Beginning with the line that contains "Character AI Chat", reproduce every line through the end of the records below exactly, and leave the pictures out.

Dataset records:

*** Begin section ***

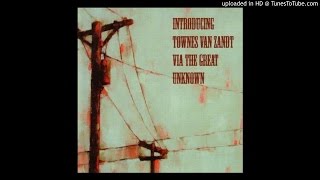 Anders Parker - No place to fall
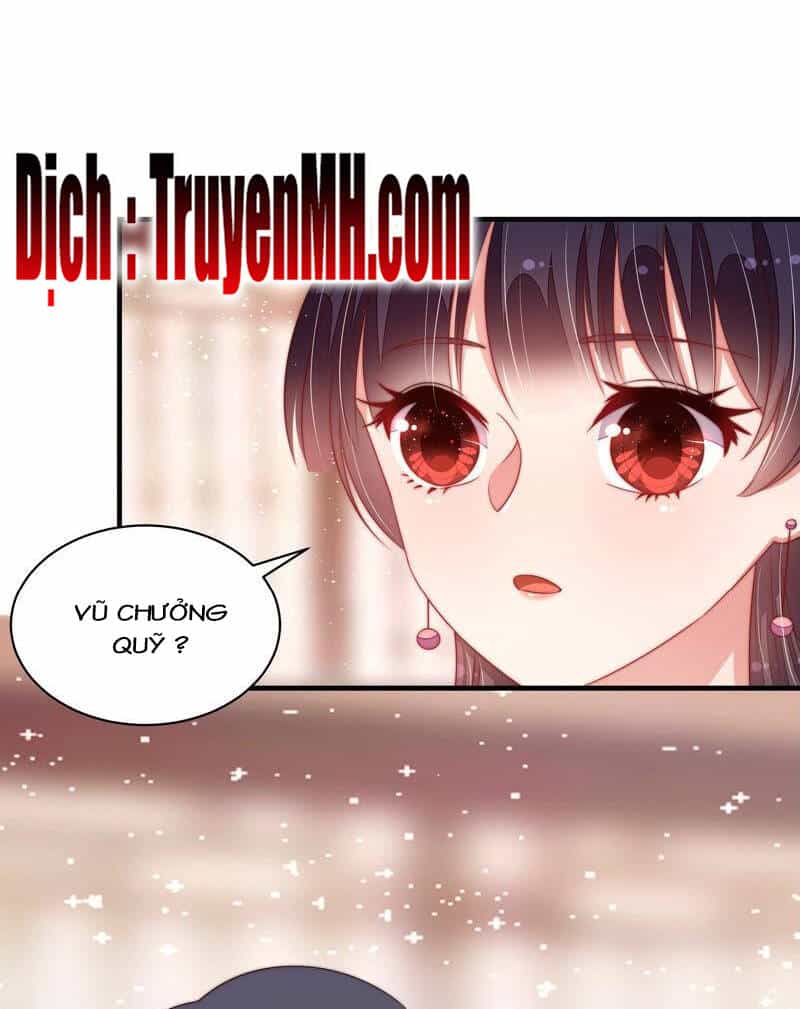 Ngày Nào Thiếu Soái Cũng Ghen - Chương 258 - ảnh 17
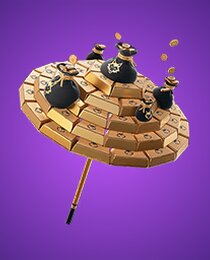 Ranker's Vaultbrella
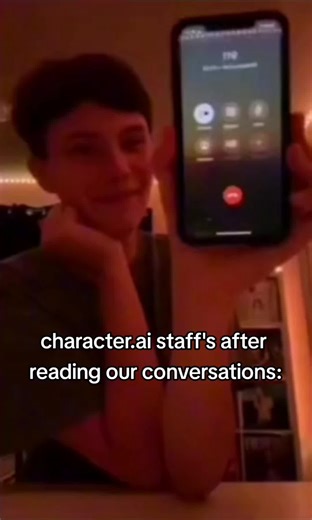 Character AI Chat Concerns: Privacy and Security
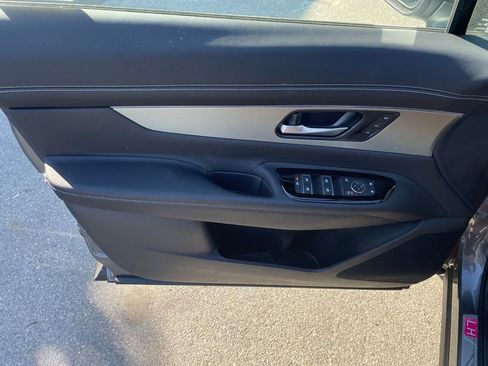 New 2025 Nissan Murano SL w/ Cargo Package image 12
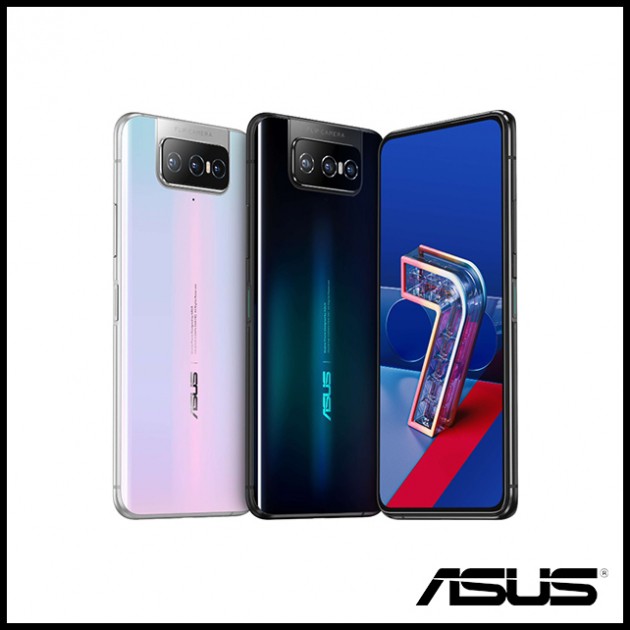 ASUS ZenFone 7(ZS670KS) 6G/128G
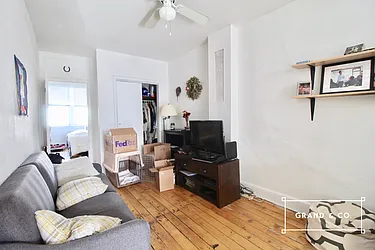 Rented by Grand & Co.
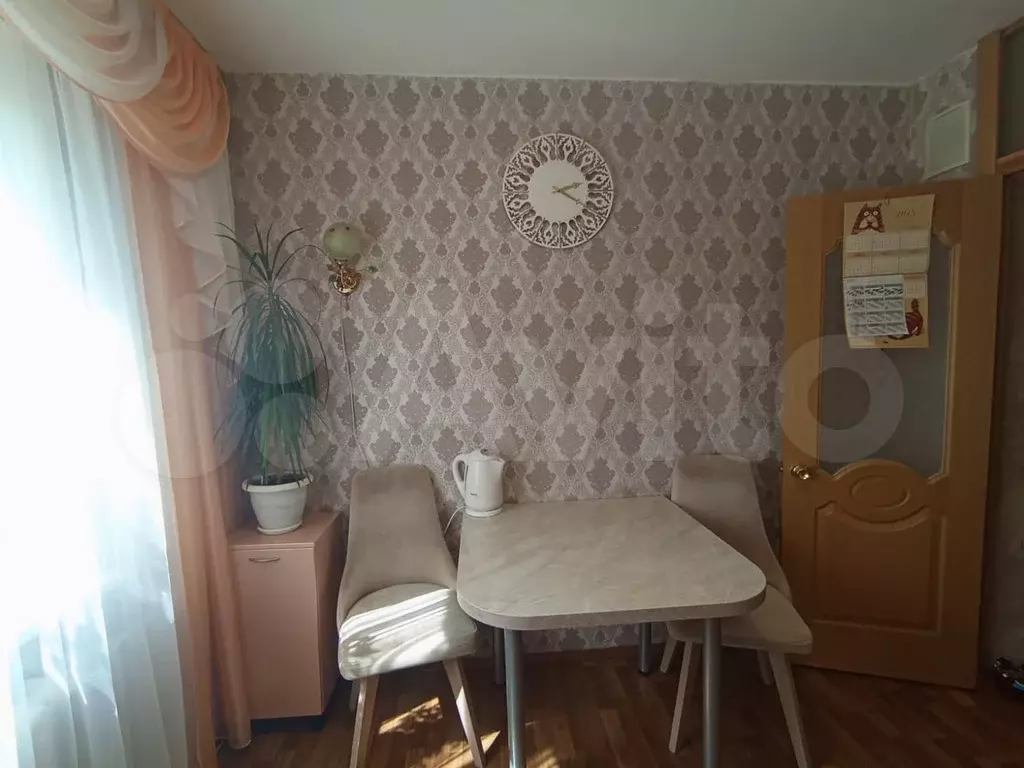 2-к. квартира, 50,1 м, 1/5 эт. - Фото 1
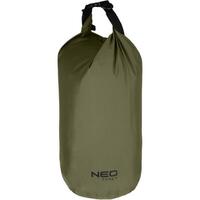 Сумка Neo Tools, нейлон 40D, 5л, водонепроникна, зелана (63-169)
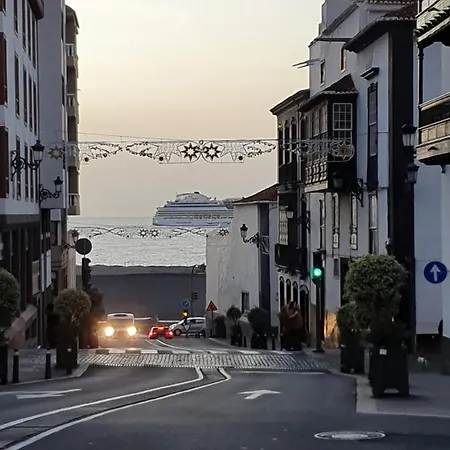 Relax Isleno Breña Baja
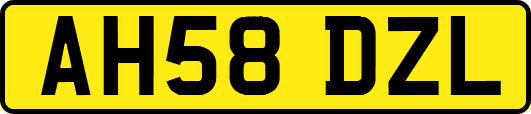 AH58DZL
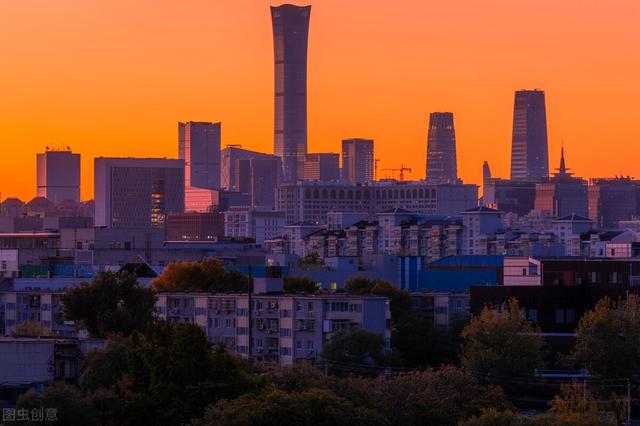 2022年度亚洲百强城市排名 西安排名客观真实（“2021年中国百强城市排行榜”）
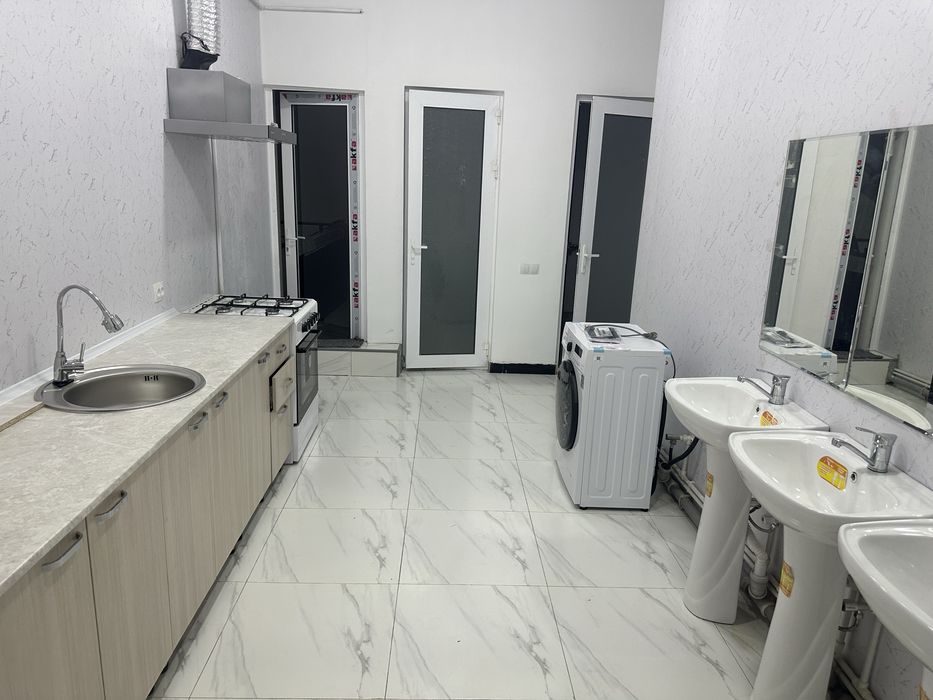 Talabalar uchun yotoqhona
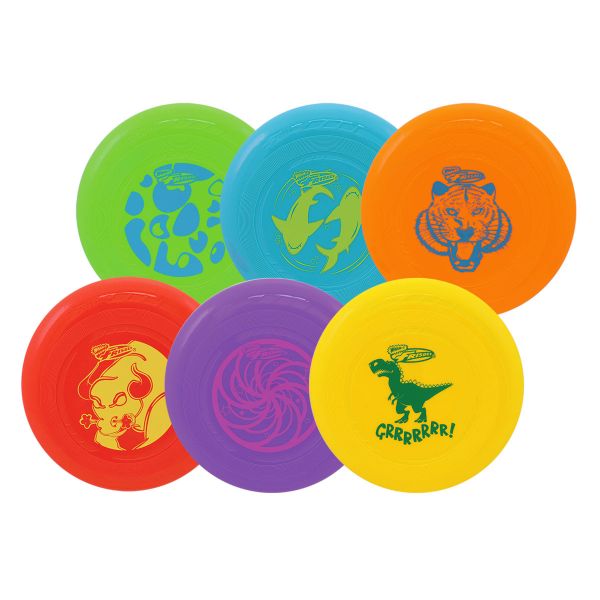 Фрисби Go 70г (23см) - Wham-O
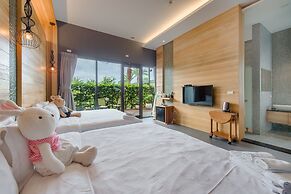 Jiaoxi 320 B&B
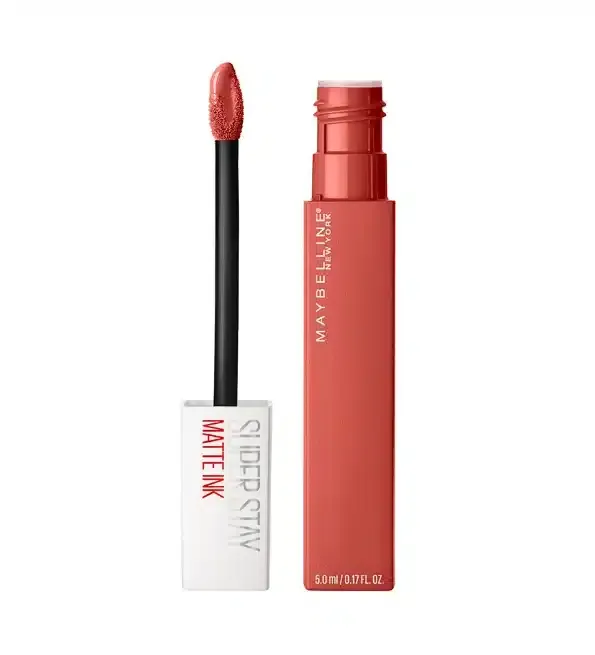 MAYBELLINE – Super Stay Matte Ink Brecks 130 Self-Starter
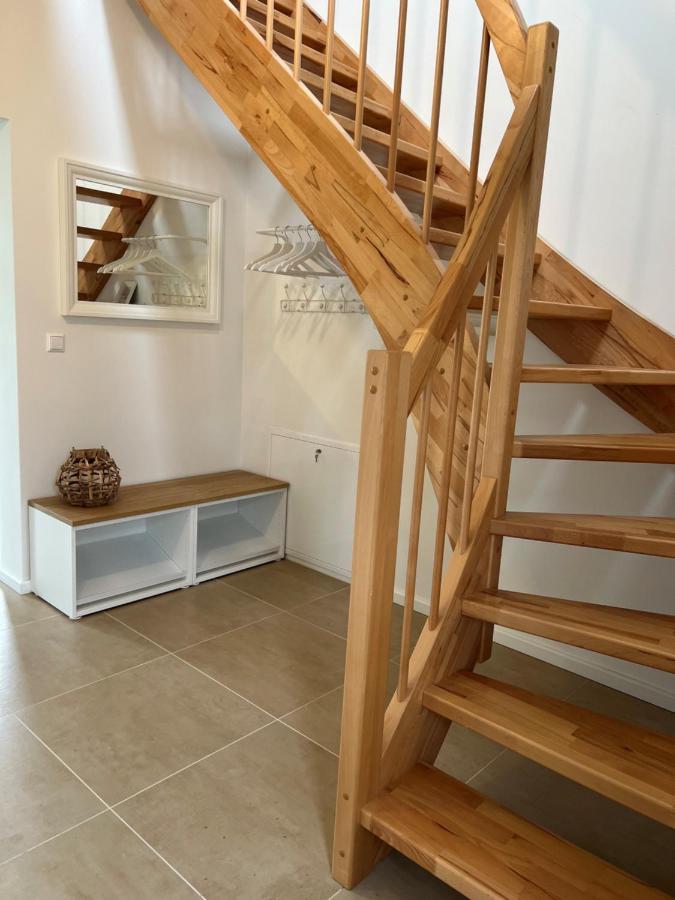 Ferienhaus Enjoy Büsum Екстериор снимка
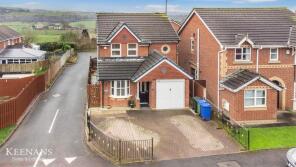 3a Coniston, Stott Street, Wardle, Rochdale OL16 2SB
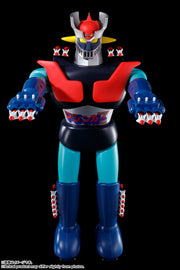 BANDAI SPIRITS Jumbo Machinder Mazinger Z Invincible Champion Action Figure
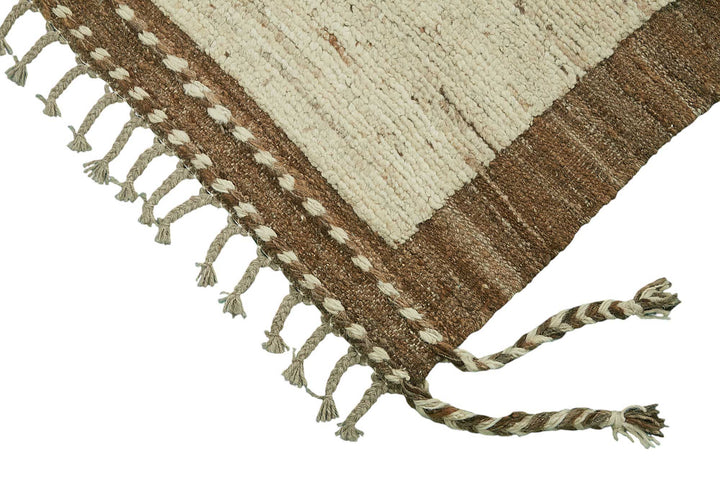 8x10 Contemporary Tribal Area Rugs - 47876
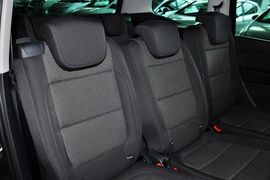 2012款大众夏朗2.0TSI标配型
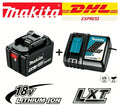 Original Makita18V Battery Compatible Makita 18V Power Tool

*** End section ***

Task solution:
 Character AI Chat Concerns: Privacy and Security
 New 2025 Nissan Murano SL w/ Cargo Package image 12
 ASUS ZenFone 7(ZS670KS) 6G/128G
 Rented by Grand & Co.
 2-к. квартира, 50,1 м, 1/5 эт. - Фото 1
 Сумка Neo Tools, нейлон 40D, 5л, водонепроникна, зелана (63-169)
 Relax Isleno Breña Baja
 AH58DZL
 2022年度亚洲百强城市排名 西安排名客观真实（“2021年中国百强城市排行榜”）
 Talabalar uchun yotoqhona
 Фрисби Go 70г (23см) - Wham-O
 Jiaoxi 320 B&B
 MAYBELLINE – Super Stay Matte Ink Brecks 130 Self-Starter
 Ferienhaus Enjoy Büsum Екстериор снимка
 3a Coniston, Stott Street, Wardle, Rochdale OL16 2SB
 BANDAI SPIRITS Jumbo Machinder Mazinger Z Invincible Champion Action Figure
 8x10 Contemporary Tribal Area Rugs - 47876
 2012款大众夏朗2.0TSI标配型
 Original Makita18V Battery Compatible Makita 18V Power Tool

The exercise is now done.